書評・小説 『制作』 エミール・ゾラ②


『ナナ』や『居酒屋』も、当時のパリの市民生活の様子が、手にとるように生き生きと伝わってくるところが素晴らしいのだが、『制作』は、また違った感動を与えてくれる。作品中、クロードの少年時代からの無二の親友であり、彼の傍で最後まで支えとなるサンドーズは、どう考えてもゾラ自身をモデルにしている。

いま取り組んでいるのは文学界・美術界の小説です。そこに語るのは私の青春のすべてです。友人のすべて、そして私自身をそこに投入します。
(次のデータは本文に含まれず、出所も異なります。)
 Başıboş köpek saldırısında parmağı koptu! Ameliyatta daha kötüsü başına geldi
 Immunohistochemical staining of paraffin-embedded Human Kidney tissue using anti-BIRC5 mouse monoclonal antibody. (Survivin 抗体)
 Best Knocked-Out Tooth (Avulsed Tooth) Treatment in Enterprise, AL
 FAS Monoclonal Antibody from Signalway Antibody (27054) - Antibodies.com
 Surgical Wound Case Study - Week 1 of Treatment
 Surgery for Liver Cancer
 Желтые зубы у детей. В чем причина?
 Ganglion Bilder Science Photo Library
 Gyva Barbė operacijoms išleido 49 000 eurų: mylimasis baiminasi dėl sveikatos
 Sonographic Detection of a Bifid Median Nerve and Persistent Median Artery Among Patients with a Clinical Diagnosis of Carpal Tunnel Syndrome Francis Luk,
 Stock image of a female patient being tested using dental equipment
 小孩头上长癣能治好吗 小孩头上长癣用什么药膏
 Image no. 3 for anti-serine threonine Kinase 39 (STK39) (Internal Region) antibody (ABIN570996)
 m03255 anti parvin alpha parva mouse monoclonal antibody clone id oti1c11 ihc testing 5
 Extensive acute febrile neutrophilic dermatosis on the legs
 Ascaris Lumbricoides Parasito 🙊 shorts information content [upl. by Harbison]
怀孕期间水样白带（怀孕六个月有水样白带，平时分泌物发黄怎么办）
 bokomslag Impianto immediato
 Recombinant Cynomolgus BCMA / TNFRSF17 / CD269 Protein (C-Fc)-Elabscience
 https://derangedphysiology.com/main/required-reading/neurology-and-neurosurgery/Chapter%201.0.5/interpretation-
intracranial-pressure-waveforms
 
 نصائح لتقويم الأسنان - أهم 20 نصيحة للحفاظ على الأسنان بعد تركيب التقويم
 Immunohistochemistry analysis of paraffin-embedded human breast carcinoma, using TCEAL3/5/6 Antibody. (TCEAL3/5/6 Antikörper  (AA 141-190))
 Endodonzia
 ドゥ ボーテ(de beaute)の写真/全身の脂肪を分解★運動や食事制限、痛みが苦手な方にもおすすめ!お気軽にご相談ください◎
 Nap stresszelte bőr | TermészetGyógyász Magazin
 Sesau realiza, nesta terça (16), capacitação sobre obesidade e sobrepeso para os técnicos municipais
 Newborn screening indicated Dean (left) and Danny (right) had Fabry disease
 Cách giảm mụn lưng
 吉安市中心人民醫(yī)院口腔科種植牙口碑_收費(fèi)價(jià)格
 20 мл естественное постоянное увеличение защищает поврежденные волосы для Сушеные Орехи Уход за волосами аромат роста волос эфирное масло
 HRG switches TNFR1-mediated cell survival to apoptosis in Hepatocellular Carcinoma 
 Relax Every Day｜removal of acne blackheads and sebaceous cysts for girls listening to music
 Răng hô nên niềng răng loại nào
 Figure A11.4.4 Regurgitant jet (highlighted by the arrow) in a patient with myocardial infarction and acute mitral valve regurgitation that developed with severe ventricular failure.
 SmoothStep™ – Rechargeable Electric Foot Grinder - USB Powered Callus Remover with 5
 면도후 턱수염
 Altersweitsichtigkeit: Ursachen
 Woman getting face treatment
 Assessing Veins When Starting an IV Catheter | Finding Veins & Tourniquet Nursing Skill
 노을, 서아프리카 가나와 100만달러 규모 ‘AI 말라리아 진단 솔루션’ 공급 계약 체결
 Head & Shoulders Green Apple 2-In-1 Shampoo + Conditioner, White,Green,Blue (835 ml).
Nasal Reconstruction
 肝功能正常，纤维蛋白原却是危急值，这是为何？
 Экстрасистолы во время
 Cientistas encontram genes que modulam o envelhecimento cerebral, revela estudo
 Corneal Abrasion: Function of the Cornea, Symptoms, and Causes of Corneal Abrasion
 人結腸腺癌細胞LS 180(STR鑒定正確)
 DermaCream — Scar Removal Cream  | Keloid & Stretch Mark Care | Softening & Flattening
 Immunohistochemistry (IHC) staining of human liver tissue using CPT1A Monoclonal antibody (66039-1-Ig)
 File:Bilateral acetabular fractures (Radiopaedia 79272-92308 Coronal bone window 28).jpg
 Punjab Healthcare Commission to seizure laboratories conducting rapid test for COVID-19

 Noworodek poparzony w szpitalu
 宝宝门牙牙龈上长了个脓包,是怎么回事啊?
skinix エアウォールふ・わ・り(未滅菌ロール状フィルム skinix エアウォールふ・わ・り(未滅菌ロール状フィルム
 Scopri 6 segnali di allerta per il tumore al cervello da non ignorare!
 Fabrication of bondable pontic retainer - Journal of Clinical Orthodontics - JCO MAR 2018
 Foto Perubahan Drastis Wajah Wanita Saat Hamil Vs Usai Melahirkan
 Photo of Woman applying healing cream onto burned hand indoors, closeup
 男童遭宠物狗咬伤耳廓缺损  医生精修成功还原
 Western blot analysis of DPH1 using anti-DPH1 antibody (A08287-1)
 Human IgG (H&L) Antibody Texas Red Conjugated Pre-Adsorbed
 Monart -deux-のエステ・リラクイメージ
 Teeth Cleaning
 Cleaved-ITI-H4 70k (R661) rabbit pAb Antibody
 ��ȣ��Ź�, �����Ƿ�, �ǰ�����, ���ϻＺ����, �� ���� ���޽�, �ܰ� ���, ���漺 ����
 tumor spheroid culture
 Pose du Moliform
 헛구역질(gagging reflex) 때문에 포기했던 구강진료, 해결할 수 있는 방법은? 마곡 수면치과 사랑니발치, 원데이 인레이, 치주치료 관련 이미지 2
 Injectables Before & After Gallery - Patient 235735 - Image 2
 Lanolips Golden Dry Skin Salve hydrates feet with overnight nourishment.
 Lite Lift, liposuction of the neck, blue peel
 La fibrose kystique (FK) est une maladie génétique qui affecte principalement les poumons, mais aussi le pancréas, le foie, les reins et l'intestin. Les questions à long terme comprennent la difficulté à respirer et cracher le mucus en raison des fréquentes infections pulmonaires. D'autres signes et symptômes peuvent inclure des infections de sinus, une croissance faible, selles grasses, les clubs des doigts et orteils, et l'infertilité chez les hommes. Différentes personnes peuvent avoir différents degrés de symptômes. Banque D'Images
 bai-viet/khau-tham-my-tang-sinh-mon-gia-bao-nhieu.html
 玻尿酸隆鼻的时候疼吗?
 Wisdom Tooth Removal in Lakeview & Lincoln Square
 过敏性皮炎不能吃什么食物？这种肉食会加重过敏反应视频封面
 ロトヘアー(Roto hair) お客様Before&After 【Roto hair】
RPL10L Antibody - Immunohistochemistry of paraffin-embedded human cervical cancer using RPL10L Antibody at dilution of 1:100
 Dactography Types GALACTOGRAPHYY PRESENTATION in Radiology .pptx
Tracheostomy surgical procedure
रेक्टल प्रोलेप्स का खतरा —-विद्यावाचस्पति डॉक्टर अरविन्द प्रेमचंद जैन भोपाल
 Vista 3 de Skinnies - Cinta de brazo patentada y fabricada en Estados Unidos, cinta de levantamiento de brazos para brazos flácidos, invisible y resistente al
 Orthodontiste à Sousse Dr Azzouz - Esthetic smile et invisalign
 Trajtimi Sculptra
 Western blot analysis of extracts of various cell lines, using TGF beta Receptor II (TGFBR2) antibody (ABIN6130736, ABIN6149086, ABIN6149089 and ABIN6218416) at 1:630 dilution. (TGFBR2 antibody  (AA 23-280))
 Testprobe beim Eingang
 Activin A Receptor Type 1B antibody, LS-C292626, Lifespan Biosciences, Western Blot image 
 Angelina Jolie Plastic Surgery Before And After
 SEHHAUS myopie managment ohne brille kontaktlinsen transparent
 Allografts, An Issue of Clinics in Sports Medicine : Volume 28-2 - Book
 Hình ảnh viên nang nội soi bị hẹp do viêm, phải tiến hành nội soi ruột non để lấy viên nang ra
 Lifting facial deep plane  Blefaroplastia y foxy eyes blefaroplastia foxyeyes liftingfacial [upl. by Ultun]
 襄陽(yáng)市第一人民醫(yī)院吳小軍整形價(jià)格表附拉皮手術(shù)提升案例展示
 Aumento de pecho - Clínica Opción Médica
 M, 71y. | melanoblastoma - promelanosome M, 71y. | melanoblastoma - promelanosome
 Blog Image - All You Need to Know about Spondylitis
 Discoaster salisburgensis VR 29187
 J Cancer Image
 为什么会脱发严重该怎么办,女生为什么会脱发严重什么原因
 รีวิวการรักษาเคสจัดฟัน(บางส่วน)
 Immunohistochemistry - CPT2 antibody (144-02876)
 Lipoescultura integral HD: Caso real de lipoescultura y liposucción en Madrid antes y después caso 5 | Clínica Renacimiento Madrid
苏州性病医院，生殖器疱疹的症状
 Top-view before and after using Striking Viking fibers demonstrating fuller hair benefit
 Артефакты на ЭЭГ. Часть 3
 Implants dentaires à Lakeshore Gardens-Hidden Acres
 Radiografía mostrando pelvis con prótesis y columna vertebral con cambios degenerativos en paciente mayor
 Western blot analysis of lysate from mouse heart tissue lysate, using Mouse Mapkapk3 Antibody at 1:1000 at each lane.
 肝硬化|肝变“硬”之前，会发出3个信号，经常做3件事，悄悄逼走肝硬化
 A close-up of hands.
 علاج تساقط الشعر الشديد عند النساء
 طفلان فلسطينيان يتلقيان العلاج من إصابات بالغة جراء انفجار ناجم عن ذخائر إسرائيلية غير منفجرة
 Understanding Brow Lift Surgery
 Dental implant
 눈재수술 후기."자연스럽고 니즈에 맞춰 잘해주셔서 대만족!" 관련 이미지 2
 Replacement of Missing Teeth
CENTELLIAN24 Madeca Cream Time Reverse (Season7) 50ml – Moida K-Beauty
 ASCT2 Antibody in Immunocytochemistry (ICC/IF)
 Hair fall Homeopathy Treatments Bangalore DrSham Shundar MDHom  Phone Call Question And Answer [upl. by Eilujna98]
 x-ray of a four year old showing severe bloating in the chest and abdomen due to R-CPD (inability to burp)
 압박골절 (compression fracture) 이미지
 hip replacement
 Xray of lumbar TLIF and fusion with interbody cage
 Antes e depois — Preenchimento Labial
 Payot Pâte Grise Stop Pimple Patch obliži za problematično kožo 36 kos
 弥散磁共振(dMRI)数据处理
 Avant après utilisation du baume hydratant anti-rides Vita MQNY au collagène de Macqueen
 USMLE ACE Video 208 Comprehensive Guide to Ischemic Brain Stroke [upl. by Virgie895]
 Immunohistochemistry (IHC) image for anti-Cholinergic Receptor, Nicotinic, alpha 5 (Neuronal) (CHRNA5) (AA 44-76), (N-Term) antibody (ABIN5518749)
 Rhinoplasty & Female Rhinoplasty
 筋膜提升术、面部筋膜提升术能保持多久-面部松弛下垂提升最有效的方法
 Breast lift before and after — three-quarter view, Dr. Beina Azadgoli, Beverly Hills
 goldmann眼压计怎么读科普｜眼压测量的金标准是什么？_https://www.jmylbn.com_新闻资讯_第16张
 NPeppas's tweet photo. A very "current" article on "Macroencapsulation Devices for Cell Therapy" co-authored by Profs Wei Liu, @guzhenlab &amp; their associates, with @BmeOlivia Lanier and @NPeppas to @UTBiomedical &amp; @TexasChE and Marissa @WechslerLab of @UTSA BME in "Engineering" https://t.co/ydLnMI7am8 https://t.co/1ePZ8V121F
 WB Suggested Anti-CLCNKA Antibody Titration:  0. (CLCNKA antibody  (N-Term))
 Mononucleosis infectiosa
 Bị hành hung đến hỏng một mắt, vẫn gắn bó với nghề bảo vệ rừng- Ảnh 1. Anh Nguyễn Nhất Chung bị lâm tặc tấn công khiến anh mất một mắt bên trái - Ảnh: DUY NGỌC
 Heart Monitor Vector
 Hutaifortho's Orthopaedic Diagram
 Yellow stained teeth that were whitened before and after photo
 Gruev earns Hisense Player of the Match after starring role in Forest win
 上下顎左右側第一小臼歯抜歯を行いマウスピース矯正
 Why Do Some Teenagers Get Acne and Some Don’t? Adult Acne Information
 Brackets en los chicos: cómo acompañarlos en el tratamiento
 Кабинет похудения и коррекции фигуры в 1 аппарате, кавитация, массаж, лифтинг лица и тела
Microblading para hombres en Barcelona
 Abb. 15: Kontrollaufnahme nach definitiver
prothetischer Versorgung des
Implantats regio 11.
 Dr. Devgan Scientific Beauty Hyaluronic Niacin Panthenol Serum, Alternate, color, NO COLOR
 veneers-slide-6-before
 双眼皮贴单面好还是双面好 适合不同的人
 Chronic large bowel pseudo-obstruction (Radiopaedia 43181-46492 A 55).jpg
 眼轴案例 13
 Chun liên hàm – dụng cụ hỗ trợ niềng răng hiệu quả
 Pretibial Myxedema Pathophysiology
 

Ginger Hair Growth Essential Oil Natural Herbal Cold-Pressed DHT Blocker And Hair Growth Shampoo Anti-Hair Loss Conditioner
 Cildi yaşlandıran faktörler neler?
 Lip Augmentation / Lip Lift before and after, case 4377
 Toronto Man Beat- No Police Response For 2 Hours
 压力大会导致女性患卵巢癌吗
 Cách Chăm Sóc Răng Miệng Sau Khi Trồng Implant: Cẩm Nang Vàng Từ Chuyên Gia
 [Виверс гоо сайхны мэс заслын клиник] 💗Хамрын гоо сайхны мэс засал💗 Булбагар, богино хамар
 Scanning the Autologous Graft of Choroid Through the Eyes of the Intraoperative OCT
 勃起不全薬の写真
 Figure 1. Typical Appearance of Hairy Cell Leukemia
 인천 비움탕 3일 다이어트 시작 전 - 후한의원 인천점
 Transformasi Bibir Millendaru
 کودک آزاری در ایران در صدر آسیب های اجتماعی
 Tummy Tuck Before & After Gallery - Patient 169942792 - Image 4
友人に宛てた手紙でゾラが語っている通り、そこには客観的にありのままの現実社会を描くだけではない、極めて作者の主観的な熱い想いが込められている。今回は岩波文庫の訳を読んだが、とても平易な文章で読みやすく、文章がシンプルなだけに、作者の想いがストレートに伝わってくるようなところがあった。個人的には、『ナナ』や『居酒屋』よりも好き。クロードの苦悩は作者ゾラ自身の苦悩であり、だからこそ、ある種単調な物語の中に、ページを開いたが最後、世界にどっぷりと浸って離れられない魅力と迫力がある。
自分自身を込めると同時に、自分が生きる時代の息吹をありのままに伝える筆致が鈍らないのが、文豪の凄いところ。特に、百年後の世界をそのまま映したような、生臭い資本主義が跋扈する社会を暴いた描写は見事である。ここでは、小市民が教養者ぶって美術を語り、美術は一種のモードと金儲けの道具に成り下がっている。いかさまがいかさまを呼び、投機が投機を呼び、カネがカネを呼ぶ社会、資本主義の無間地獄を予告するかのような、作者ゾラの冷徹な目。私は、バルザックの『ゴリオ爺さん』を読んだ時、100年以上も昔のパリの社会の中に、現代と全く変わらない、資本主義の本質が描かれているのに驚愕して、「資本主義」というものに(金融会社に勤めていたくせに)初めて興味を持った。こんなに変わらずに力を持ち続けている「資本主義」というバケモノの本質を、もっと知りたくなったとでも言おうか。「資本主義」が良いとか悪いとかそういうことではなくて、ただ単に、その本質は何なのか、可能性と危険性はどういうところにあるのか、えてみたくなったのである。ゾラの『制作』も、バルザックの「ゴリオ爺さん」と並んで、改めて「資本主義」について問い直してみたくなるような作品であった。